I want to emphasise that (1) I am perfectly content if people want to
yell at me about how awful this is, what a filthy kludgey mess this
is, and that nobody should ever do this; and (2) I am perfectly aware
that there were previous discussions about scope limitation and what a
bad idea all that is.  I am unsure how to solve the current impasse
without all this horror (perhaps I'm just a pessimist); certainly
every other proposal I've seen entails a flag day for introducing the
controversial characters to the IDNA namespace.  However gentle the
dawn may be, I regard a flag day as a nasty answer, and I want to find
something else. 

The idea is that a zone operator publishes some rules about the zone's
policy on certain characters in the zone.  Suppose the delegating zone
is example.org; then a client wanting to learn about example.org's
IDNA policy rules makes an SRV query for _idnarules.example.org.

If example.org actually has a policy, the answer to that SRV query is
a URI where the policy is stored.  (An empty answer or Name Error
means there is no policy.  More on what to do with this below.)  The
policy is expressed in some format TBD (I guess some sort of XML
document or something like that).  The policy expresses how a
particular Unicode code point is handled (it can contain ranges if
need be).

The policy can be that a given character is treated as PVALID with no
restriction.  In this case, the character is handled much the way
color and colour are treated in (e.g.) .com today: it's just part of a
label that is unrelated to any other label.

The policy can be that a given character is one-way bundled with
another one, or with some other combination.  So, for instance, the
policy can say that ö is bundled with oe, or that ß is bundled with
ss.  One-way bundling means that any instance of that character
entails that the other character(s) is also used, but that the bundle
target does not always entail the bundled character (so e.g. we don't
automatically get eißtraße from eisstrasse).
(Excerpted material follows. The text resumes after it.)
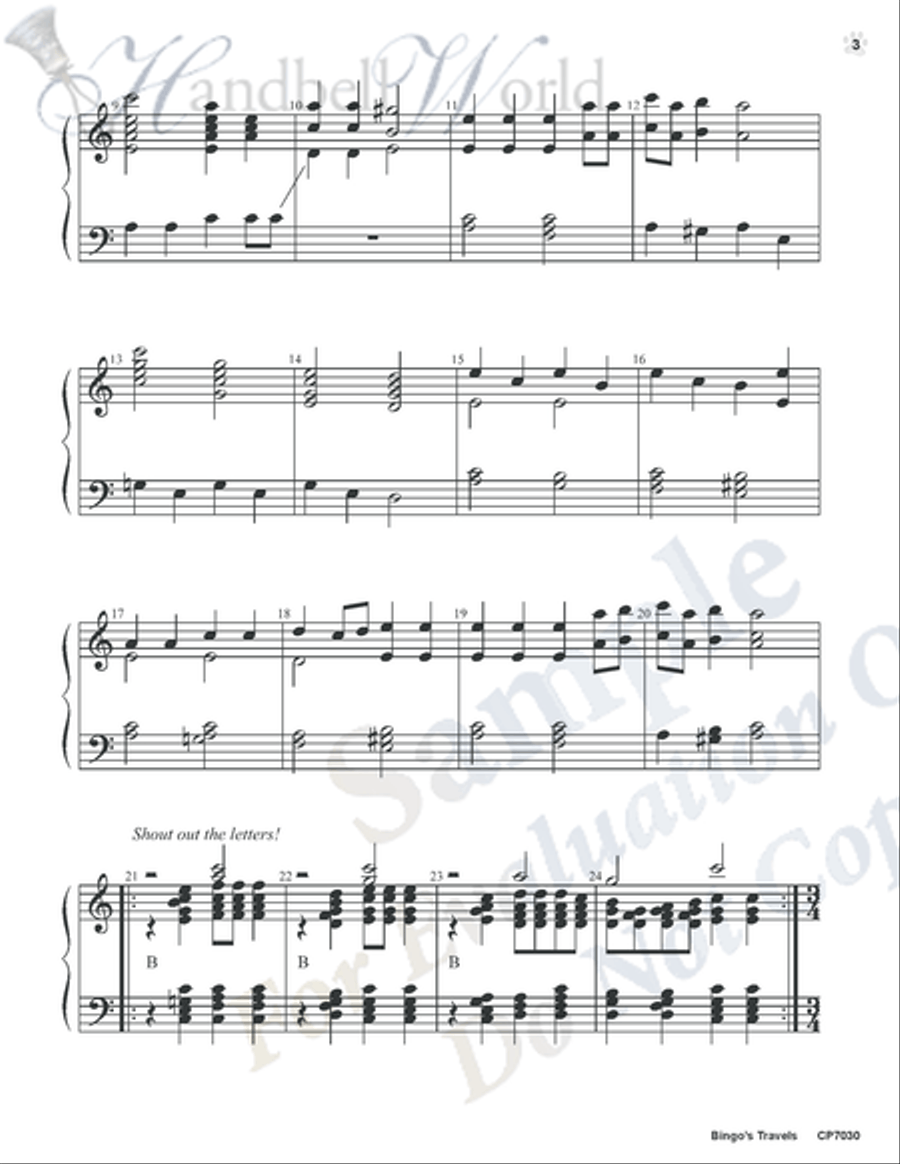 Bingo's Travels 3-Octaves scores gallery preview page 6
The policy can be that a given character is two-way bundled, which
makes two different characters or combinations of characters
equivalent.

The policy can also contain information about the zone's historic
policies.  For instance, if the zone never registered any German
characters under IDNA2003 rules, that information could be put into
the policy.  (This would not, of course, guarantee that nobody ever
registered anything in the zone that was intended to be resolved by
using, say, ß; but it would be a good indication that the zone
operator set expectations with delegates that German IDNA names
weren't really practical.)

The policy has an initiation time and an expiry time.  These times are
absolute times.  I'm not real excited about using absolute times this
way, but if DNSSEC requires it anyway so I don't think that requiring
absolute time is a disaster.  The validity period may be long (perhaps
months) so that clients that use the policy can save it, and re-use it
later.  This avoids constant additional lookups at the cost of
flexibility.  The idea is that registration policies don't change that
often, so a long-lived policy is ok.

A client can look up the policy on first (IDNA) resolution in the
zone.  If the client wants to provide backward-compatible behaviour
(e.g. to guarantee that ß is never registred by anyone except the
registrant of another name spelled the same, only with ss), then it
can insist on a minimum one-way bundling rule for the character in
question.  Without such a rule available, the client will refuse to
lookup the "IDNA2008-style" name.  This provides the failure mode that
Mark in particular suggested was better than ambiguity.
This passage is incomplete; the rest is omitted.